The first day of the calendar month immediately following the month in which the Court Order is received (7)

Cancellation of listings of PTSBGH Shares

 

 

 

The first Business Day following the Effective Time of the Scheme

 

 

 

Distribution of Consideration paid under Scheme (despatch of cheques or SEPA payments (in the case of shareholders holding in book-entry form) and electronic transfer to Euroclear Bank (in the case of dematerialised shareholders)) (8)

Within 14 days of the Effective Date

 

End Date (10)

 

 

31 January 2027, or such later date where extended pursuant to and in accordance with the terms of the Transaction Agreement, in each such instance with the consent of the Panel (if required) and as the High Court may allow (as required)

 

Notes:

5.    These dates are indicative only and will depend on, among other things: (i) the date upon which the Conditions of the Scheme are satisfied or (if capable of waiver) waived; (ii) the date upon which the sanction of the Scheme by the High Court and the delivery of a copy of the Court Order to the Registrar of Companies; and (iii) the requirement that completion of the Acquisition shall take place on the date the Scheme becomes effective in accordance with its terms, which shall be the first day of the calendar month immediately following the month in which the Court Order is received. The Acquisition is currently expected to be declared effective during Q4 2026 or Q1 2027. All times shown in the Scheme Document are Irish times unless otherwise stated.

6.    The Consideration payable by BAWAG PSK to Scheme Shareholders pursuant to the Scheme will be paid by BAWAG PSK to the Escrow Agent on the Escrow Amount Payment Date to be held by the Escrow Agent for the benefit and to the order of BAWAG PSK and/or the Scheme Shareholders (as applicable) and released, in each case, on the terms of and subject to the conditions of the Transaction Agreement and the Escrow Agreement, further details of which are set out in paragraph 8 of Part III (Explanatory Statement) of the Scheme Document.

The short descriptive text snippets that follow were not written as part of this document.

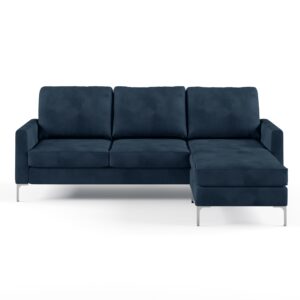 novogratz chapman sectional sofa with chrome legs, black velvet couch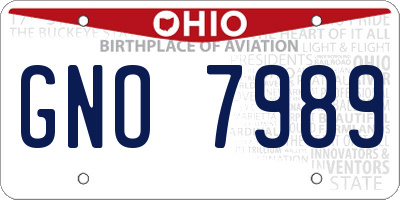 OH license plate GNO7989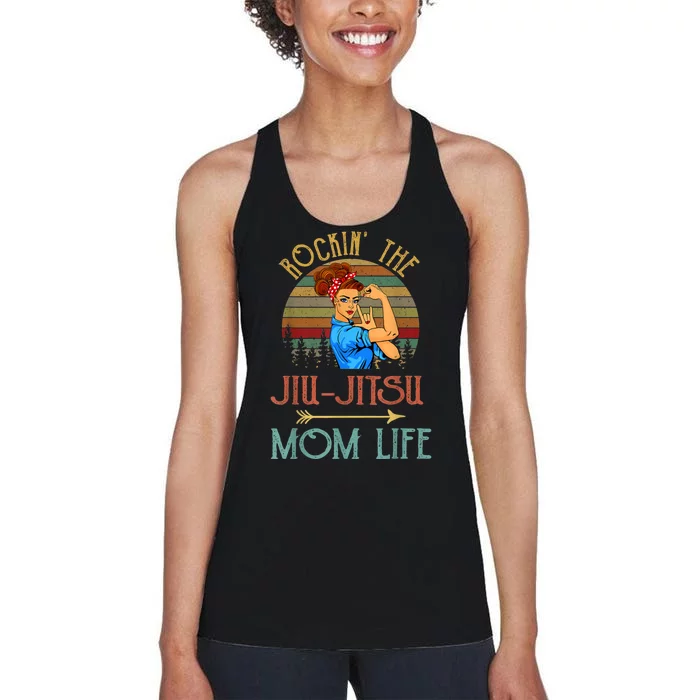 Rockin The Jiu Jitsu Mom Life Funny Gift For Mom Women's Racerback Tank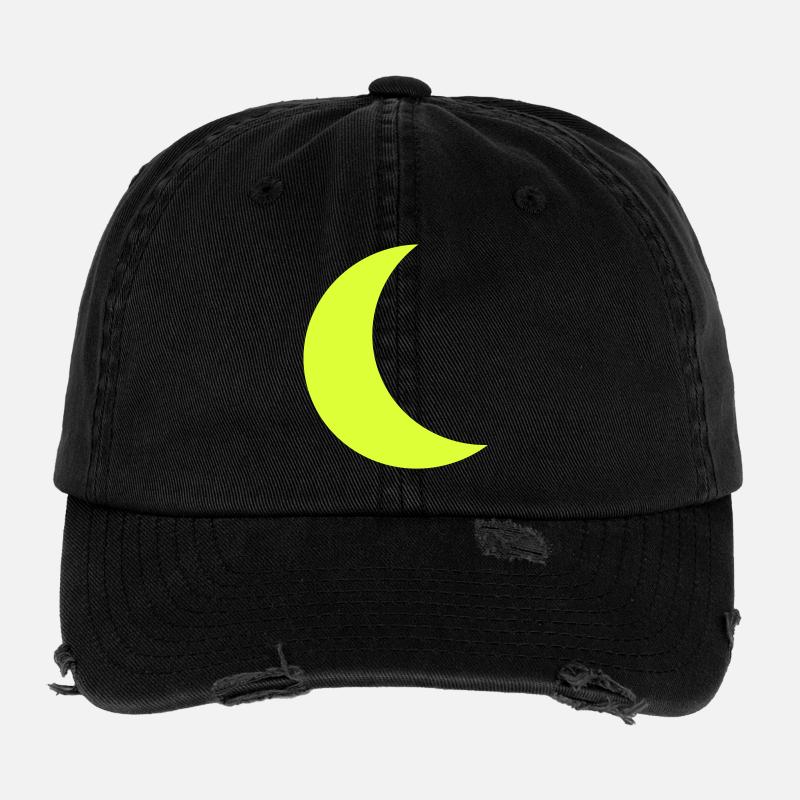 Crescent Moon Neon Yellow Flexfit Vintage Destroyed Cap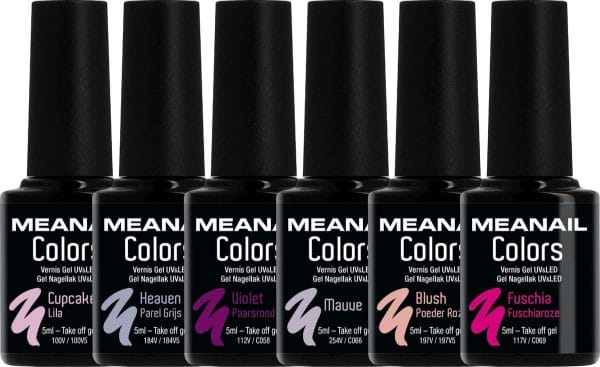 Gellak - MEANAIL - Vegan & Cruelty Free - PAARS - 6 kleuren gel nagellak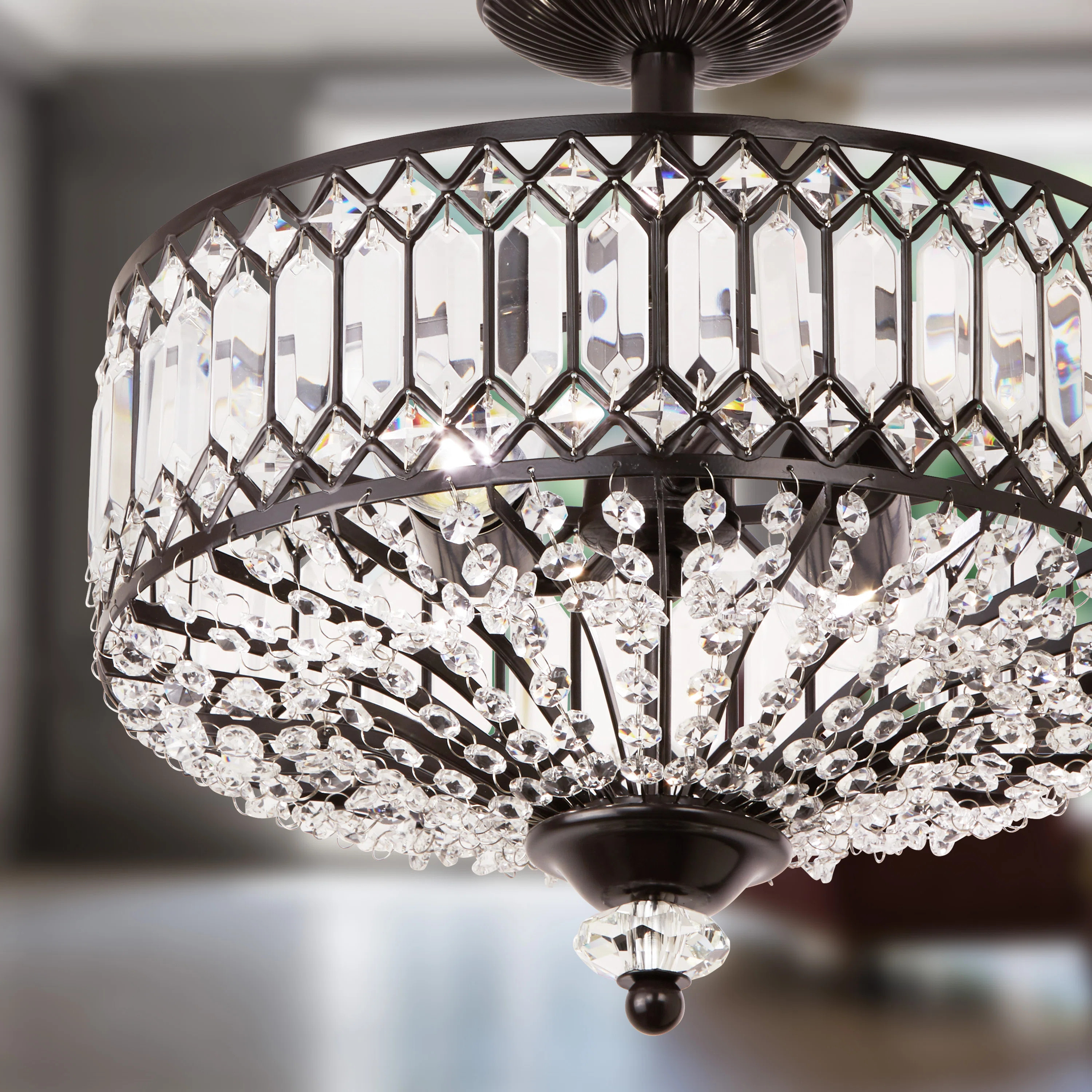 Laurie 2 - Light 14.75'' Carved Crystal Drum Semi Flush Mount | Wayfair North America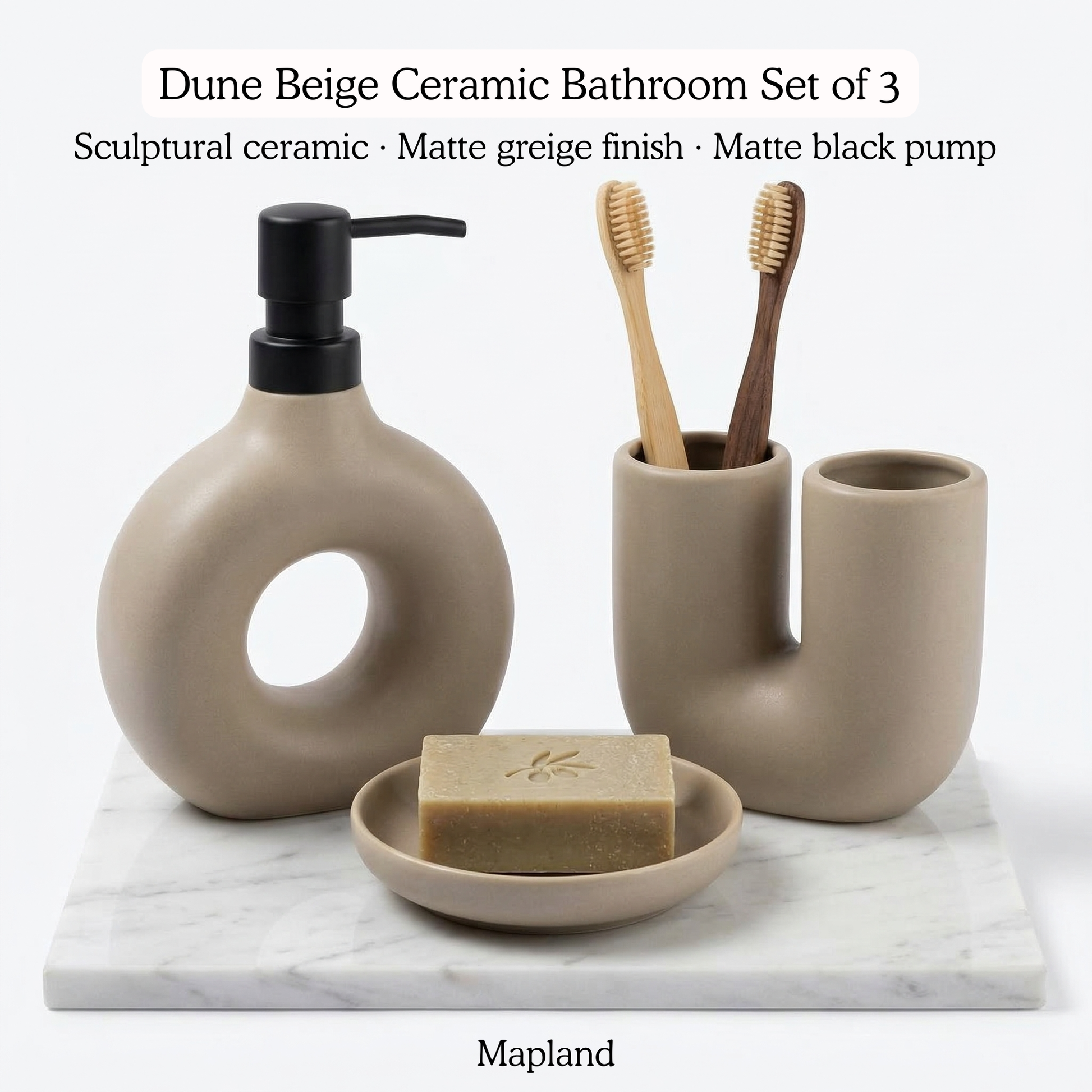 Dune Beige Ceramic Bathroom Set of 3 — side view — handmade artisan home decor | Mapland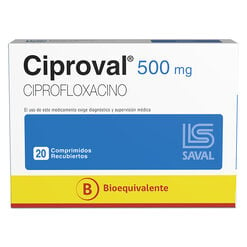 CIPROVAL Ciprofloxacino 500 mg 20 comprimidos - Saval s.a.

7.     PTSBGH Shareholders will be notified of the Effective Date and Effective Time, once known, through an announcement on a Regulatory Information Service, with such announcement being made available at PTSBGH's website at https://www.permanenttsbgroup.ie/investors/fsp and BAWAG's website at https://www.bawaggroup.com/en/investor-relations/ptsb-formal-sale-process. If the Effective Date changes, all related dates under the Scheme timetable will also be adjusted.

8.    Each of PTSBGH, BAWAG PSK and BAWAG have assumed certain obligations with respect to the mechanics for completion of the Acquisition, details of which are set out in the Transaction Agreement (see paragraph 8(b) of Part III (Explanatory Statement) of the Scheme Document).

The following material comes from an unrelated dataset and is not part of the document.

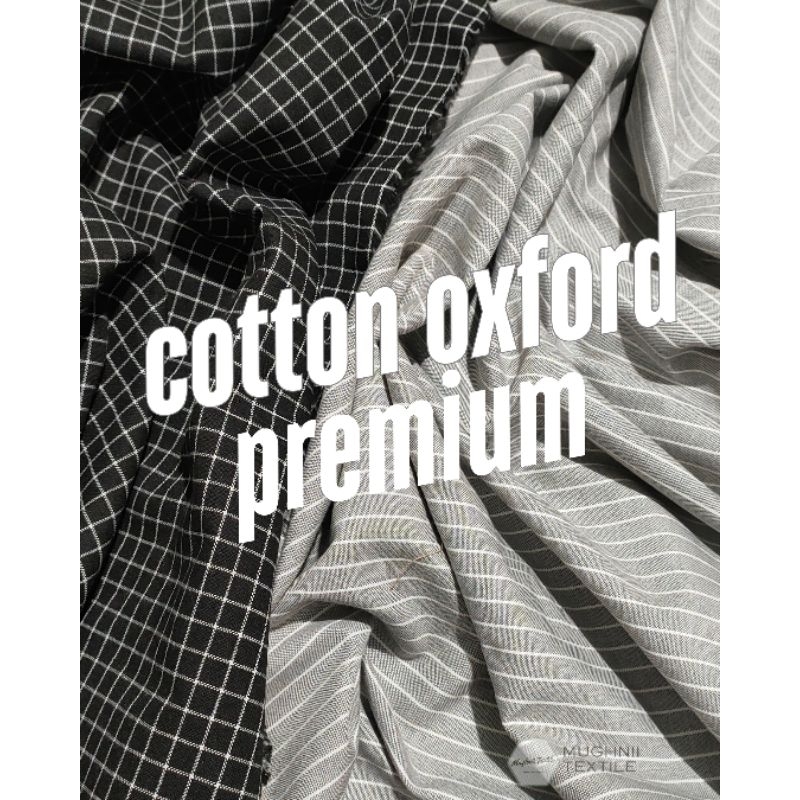 Bahan Kain Katun Oxford Motif Kotak Salur Stripe Premium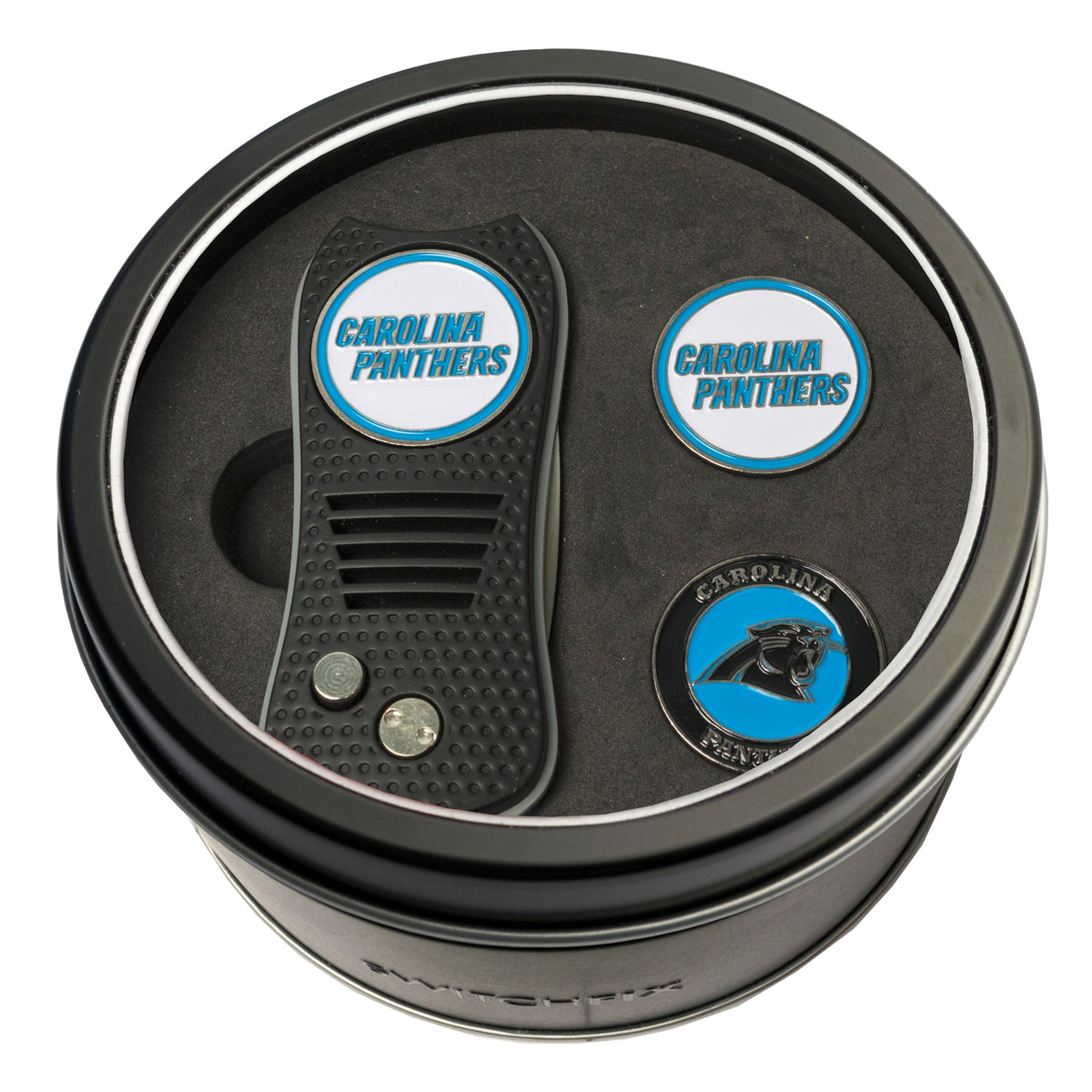 Carolina Panthers Switchblade divot tool and ball marker tin gift set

9.     Each of PTSBGH, BAWAG PSK and BAWAG have agreed that completion of the Acquisition shall take place on the date the Scheme becomes effective in accordance with its terms, which shall be the first day of the calendar month immediately following the month in which the Court Order is received.

10.   This is the latest date by which the Scheme may become effective. However, the End Date may be extended in accordance with the terms of the Transaction Agreement, in each such instance with the consent of the Panel (if required) and as the High Court may allow (as required).